# Work to be completed
Hand back each record exactly as you find it.

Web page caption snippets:
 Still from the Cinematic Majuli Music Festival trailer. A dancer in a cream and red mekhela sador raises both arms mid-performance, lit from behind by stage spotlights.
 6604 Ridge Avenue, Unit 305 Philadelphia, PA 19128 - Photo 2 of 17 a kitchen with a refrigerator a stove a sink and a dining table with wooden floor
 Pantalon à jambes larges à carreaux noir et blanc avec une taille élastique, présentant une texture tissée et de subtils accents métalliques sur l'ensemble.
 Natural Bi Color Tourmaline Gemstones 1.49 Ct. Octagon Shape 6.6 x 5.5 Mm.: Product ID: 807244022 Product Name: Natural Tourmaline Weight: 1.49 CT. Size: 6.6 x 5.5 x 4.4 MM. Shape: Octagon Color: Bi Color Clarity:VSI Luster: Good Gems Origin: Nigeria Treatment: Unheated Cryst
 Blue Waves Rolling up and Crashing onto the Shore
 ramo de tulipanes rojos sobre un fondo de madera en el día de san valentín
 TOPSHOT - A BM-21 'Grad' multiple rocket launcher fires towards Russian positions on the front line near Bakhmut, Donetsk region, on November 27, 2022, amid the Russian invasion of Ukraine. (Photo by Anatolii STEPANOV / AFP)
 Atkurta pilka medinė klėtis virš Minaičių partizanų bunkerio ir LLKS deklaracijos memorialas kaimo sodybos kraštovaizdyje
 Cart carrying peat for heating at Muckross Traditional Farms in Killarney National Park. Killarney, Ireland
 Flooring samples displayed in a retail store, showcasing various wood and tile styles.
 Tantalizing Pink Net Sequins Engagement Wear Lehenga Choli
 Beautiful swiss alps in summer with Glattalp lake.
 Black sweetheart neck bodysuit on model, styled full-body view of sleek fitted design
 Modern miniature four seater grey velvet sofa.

# Worked solution
 Still from the Cinematic Majuli Music Festival trailer. A dancer in a cream and red mekhela sador raises both arms mid-performance, lit from behind by stage spotlights.
 6604 Ridge Avenue, Unit 305 Philadelphia, PA 19128 - Photo 2 of 17 a kitchen with a refrigerator a stove a sink and a dining table with wooden floor
 Pantalon à jambes larges à carreaux noir et blanc avec une taille élastique, présentant une texture tissée et de subtils accents métalliques sur l'ensemble.
 Natural Bi Color Tourmaline Gemstones 1.49 Ct. Octagon Shape 6.6 x 5.5 Mm.: Product ID: 807244022 Product Name: Natural Tourmaline Weight: 1.49 CT. Size: 6.6 x 5.5 x 4.4 MM. Shape: Octagon Color: Bi Color Clarity:VSI Luster: Good Gems Origin: Nigeria Treatment: Unheated Cryst
 Blue Waves Rolling up and Crashing onto the Shore
 ramo de tulipanes rojos sobre un fondo de madera en el día de san valentín
 TOPSHOT - A BM-21 'Grad' multiple rocket launcher fires towards Russian positions on the front line near Bakhmut, Donetsk region, on November 27, 2022, amid the Russian invasion of Ukraine. (Photo by Anatolii STEPANOV / AFP)
 Atkurta pilka medinė klėtis virš Minaičių partizanų bunkerio ir LLKS deklaracijos memorialas kaimo sodybos kraštovaizdyje
 Cart carrying peat for heating at Muckross Traditional Farms in Killarney National Park. Killarney, Ireland
 Flooring samples displayed in a retail store, showcasing various wood and tile styles.
 Tantalizing Pink Net Sequins Engagement Wear Lehenga Choli
 Beautiful swiss alps in summer with Glattalp lake.
 Black sweetheart neck bodysuit on model, styled full-body view of sleek fitted design
 Modern miniature four seater grey velvet sofa.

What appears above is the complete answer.